The problem, it seems, is that I'm stuck in a writing rut. I write frequently, for various personal and professional purposes, and feel very comfortable expressing myself in a written format. I completed minors in history and communication studies, and in the process, finely honed my tone and ability to express arguments. My writing errs on the side of informality, sometimes even to the chagrin of my colleagues, but I enjoy and embrace it.

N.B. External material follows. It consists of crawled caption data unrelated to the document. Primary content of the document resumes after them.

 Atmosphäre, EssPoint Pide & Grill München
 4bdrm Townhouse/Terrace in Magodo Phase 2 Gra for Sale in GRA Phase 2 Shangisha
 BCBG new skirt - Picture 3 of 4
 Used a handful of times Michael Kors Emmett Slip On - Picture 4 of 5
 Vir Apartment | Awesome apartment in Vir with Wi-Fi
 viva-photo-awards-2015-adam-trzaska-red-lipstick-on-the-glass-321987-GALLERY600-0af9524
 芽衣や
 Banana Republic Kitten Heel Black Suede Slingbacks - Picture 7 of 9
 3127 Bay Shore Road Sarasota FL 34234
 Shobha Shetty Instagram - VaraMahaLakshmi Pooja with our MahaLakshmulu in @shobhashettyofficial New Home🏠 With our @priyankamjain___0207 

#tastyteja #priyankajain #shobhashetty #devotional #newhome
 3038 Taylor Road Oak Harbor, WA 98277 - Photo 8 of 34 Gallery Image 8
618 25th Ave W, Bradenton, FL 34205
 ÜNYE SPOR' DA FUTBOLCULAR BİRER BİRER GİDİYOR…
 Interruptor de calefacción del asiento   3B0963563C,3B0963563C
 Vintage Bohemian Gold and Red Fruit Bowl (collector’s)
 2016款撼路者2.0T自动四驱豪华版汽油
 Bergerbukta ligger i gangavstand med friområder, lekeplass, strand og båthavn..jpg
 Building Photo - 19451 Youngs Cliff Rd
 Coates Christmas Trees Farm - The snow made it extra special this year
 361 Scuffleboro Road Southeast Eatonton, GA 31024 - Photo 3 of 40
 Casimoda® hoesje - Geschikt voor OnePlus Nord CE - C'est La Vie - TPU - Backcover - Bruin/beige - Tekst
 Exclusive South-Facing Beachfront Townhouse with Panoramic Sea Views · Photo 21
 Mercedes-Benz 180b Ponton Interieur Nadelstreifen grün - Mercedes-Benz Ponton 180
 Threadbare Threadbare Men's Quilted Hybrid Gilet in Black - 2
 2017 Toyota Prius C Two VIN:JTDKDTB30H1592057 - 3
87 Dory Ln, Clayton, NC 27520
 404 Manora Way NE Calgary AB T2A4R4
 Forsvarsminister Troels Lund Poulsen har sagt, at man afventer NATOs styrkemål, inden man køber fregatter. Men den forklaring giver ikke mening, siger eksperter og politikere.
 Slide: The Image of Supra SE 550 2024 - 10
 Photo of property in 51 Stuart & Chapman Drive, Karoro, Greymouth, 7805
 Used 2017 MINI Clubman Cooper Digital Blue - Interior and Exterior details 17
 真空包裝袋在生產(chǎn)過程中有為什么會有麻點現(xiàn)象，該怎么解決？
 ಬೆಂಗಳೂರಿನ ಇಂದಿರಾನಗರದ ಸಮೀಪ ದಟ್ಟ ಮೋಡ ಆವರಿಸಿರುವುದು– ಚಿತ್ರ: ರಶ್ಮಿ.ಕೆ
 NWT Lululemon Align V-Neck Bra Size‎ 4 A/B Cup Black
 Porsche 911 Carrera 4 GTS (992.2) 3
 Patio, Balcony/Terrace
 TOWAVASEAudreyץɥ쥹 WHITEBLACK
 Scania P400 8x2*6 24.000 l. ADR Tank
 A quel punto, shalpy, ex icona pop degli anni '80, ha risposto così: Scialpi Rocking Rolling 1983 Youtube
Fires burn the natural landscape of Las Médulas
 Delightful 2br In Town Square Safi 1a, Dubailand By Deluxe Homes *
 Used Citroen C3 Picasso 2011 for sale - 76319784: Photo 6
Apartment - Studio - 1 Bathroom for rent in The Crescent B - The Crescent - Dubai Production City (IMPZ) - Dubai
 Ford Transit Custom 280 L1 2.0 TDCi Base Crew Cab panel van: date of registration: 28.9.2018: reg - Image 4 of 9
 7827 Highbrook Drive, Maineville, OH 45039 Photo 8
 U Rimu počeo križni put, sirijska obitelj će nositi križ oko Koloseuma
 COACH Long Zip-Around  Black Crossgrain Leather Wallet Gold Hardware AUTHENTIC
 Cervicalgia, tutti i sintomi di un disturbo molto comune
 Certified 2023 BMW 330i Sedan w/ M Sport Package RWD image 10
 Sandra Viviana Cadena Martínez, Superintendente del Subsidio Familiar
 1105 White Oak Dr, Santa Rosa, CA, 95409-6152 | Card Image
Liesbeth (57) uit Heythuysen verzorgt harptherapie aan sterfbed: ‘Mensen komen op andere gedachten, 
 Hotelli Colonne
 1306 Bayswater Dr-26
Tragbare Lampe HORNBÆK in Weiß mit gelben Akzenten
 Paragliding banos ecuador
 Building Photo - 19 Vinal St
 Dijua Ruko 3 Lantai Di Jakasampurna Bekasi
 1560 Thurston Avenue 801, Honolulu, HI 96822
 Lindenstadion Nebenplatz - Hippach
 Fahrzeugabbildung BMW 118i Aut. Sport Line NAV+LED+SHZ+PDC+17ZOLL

Writing academic scientific articles, however, leaves me feeling lackluster at best. I started the introductory writing for this paper over five years ago, during the early years of my dissertation, and I find myself wholly sick of it now. I struggle to find balance between clarity necessary for academic publication and the verbosity to which I've grown accustomed for other types of writing. I want to edit the paragraphs that are plaguing my revisions so that they actually sound like me. However, I'm also eager to be rid of the damn thing for awhile, so I may move on to fresher projects, and I fear putting off reviewers with my modified tone.
So I wallow in writerly despair, blogging and whining. Perhaps it's time to suck it up and be a big adult scientist...boredom be damned.